ユニヴァーサルであればブルーレイ・オーディオを付けるのが企画の常套手段になってきたが、ワーナーのバジェット・ボックスにはSACDなどの高音質盤が組み入れられる事がまず期待できない。
しかしこのアルバン・ベルクのコンプリート・レコーディング集では62枚のCDに8枚のDVDが加わって、まさに彼らのキャリアの軌跡が俯瞰できるようになっているのがセールス・ポイントだろう。
DVDの6枚はベートーヴェンの弦楽四重奏曲全集の2回目の収録になる1989年ウィーン・コンツェルトハウスでのライヴで、これらの演奏はCD35-42にも加わっている。

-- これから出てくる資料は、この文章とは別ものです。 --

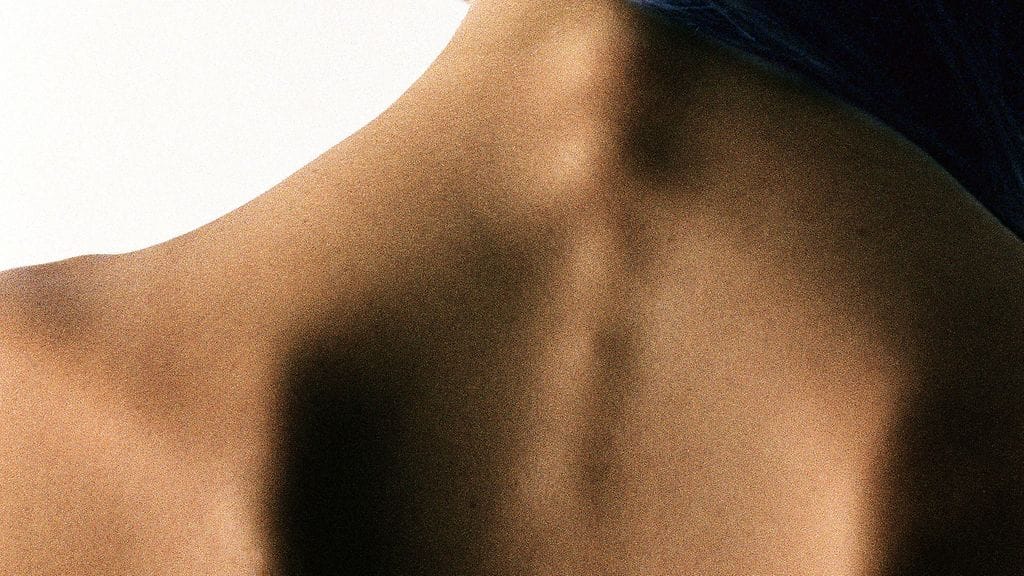 Anoreksia on hengenvaarallinen sairaus.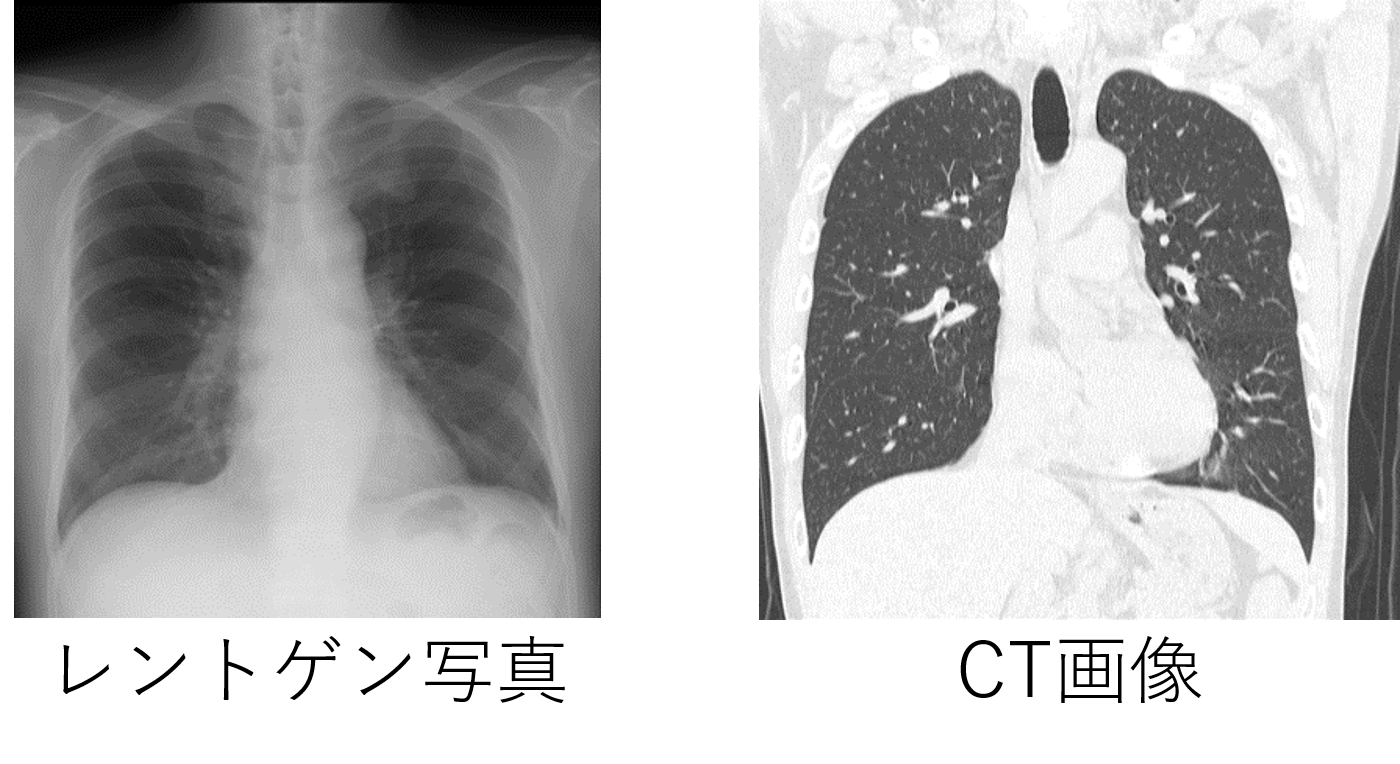 全身ct 肺がんドック 佐藤脳神経外科 豊橋 Mri Ct 美容 頭痛 痛み 脳梗塞 認知症 白玉点滴 プラセンタ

もう1枚がシューベルトの『死と乙女』にちなんだブリューノ・モンサンジョンのドキュメンタリー・フィルムと実際の2つのバージョン、弦楽四重奏と歌曲版とが収録されている。
最後の1枚は1991年に行われたぺテルスブルクでのライヴになるが、彼らの後期のスタイルを知ることができる貴重な映像だ。
解散して久しいアルバン・ベルク四重奏団だが、彼らのデビュー当時は精緻なテクニックから生み出されるカミソリのような鋭利な解釈と豪快なダイナミズムが、現代のカルテットのスタイルとして旋風を巻き起こしたことを覚えている。
その上にリーダーで第1ヴァイオリン、ギュンター・ピヒラーのある意味でスタンドプレイ的なパフォーマンスが強烈な印象を与えたものだ。
なかでもベートーヴェンの弦楽四重奏曲全集は過去のあらゆるアンサンブルの全曲集とは全く異なった斬新な解釈が新鮮だった。
それは勿論現在でも変わることのない評価であるに違いない。
このコンプリート・レコーディング集には多くの共演者、例えばクラリネットのザビーネ・マイヤー、ピアニストではレオンスカヤやブッフビンダー、アントルモンが招かれたアンサンブルも豊富に収録されている。
それらの大部分が名演の名に恥じないものだが、曲によってはいくらか居心地の悪いゲストになっていることも事実だろう。